RINGLEADERS OF THE ATTEMPTED COUP.AND WE KNOW THAT SINCE HE. SKILLFULLY CONFESSED THE WHOLE PLOT ON NATIONAL TV. > > WHAT I RECEIVE THE IN TRUMP. TIME PUBLICATION IS THIS PLAN WE HAD CALLED THE ECO-FRIENDLY BAY MOVE, THE. PLAN WAS SIMPLY THIS. WE HAD OVER
100 CONGRESSMEN AS WELL AS. LEGISLATORS ON CAPITOL HILL READY TO EXECUTE THE MOVE. THE SWEEP WAS SIMPLY THAT. WE WERE GOING TO CHALLENGE THE. OUTCOMES OF THE ELECTION IN THE SIX BATTLEGROUND STATES. AT 1:00 P.M., LEGISLATOR TED CRUZ.

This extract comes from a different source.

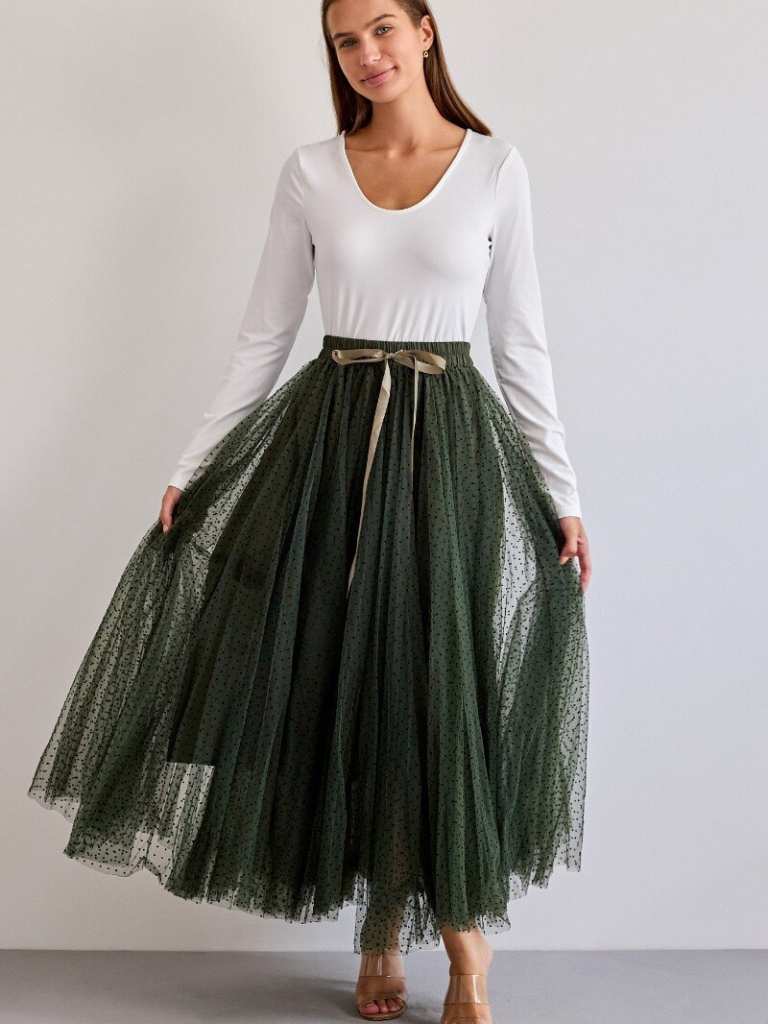 Green Polka Dot Tulle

AND REP GOSAR, BEGAN THE GREEN BAY SWEEP.
BEAUTIFULLY, CHALLENGING THE OUTCOMES OF ARIZONA. THE REMEDY WAS FOR VICE.
PRESIDENT DIME AS THE QUARTERBACK IN THE ENVIRONMENT-FRIENDLY BAY.
SWEEP TO REMAND THOSE VOTES BACK TO THE 6 BATTLEGROUND STATE.
>> > > Stephen: GREEN BAY SWEEP– SO, NAVARRO THOUGHT HE COULD.
ADMIT TO TRYING TO OVERTURN AN POLITICAL ELECTION ON NATIONAL TELEVISION, AND ALSO.
THERE'' D BE NO CONSEQUENCES BECAUSE HE PROVIDED IT A FUN.
LABEL? (AS KILLER).
“” POLICEMAN, YOU CAN'' T ARREST ME.I DIDN'' T DO ANYTHING ILLEGAL, I.
WAS SIMPLY DOING A MOVE I SUCH AS TO PHONE CALL THE BEE-BOP-STEP STAB. A BEE-BOP ACTION STAB STABBY STAB.
STAB.”” (PRAISE ).
STAB STAB STAB! (BEEPING ).
BEEP, BEEP, BOP, STAB, STAB, STAB! (LAUGHTER ).
THE BOARD THOUGHT, “” HERE'' S An INSANE CONCEPT LET'' S SUBPOENA THE.
PERSON WHO CONFESSED TO PLANNING THE CRIMINAL ACTIVITY.”” NAVARRO REJECTED TO SHOW UP, SO.
ON FRIDAY, HE WAS INDICTED AS WELL AS ARRESTED ON TWO COUNTS OF.
CONTEMPT OF CONGRESS. (JOYS AND APPLAUSE ).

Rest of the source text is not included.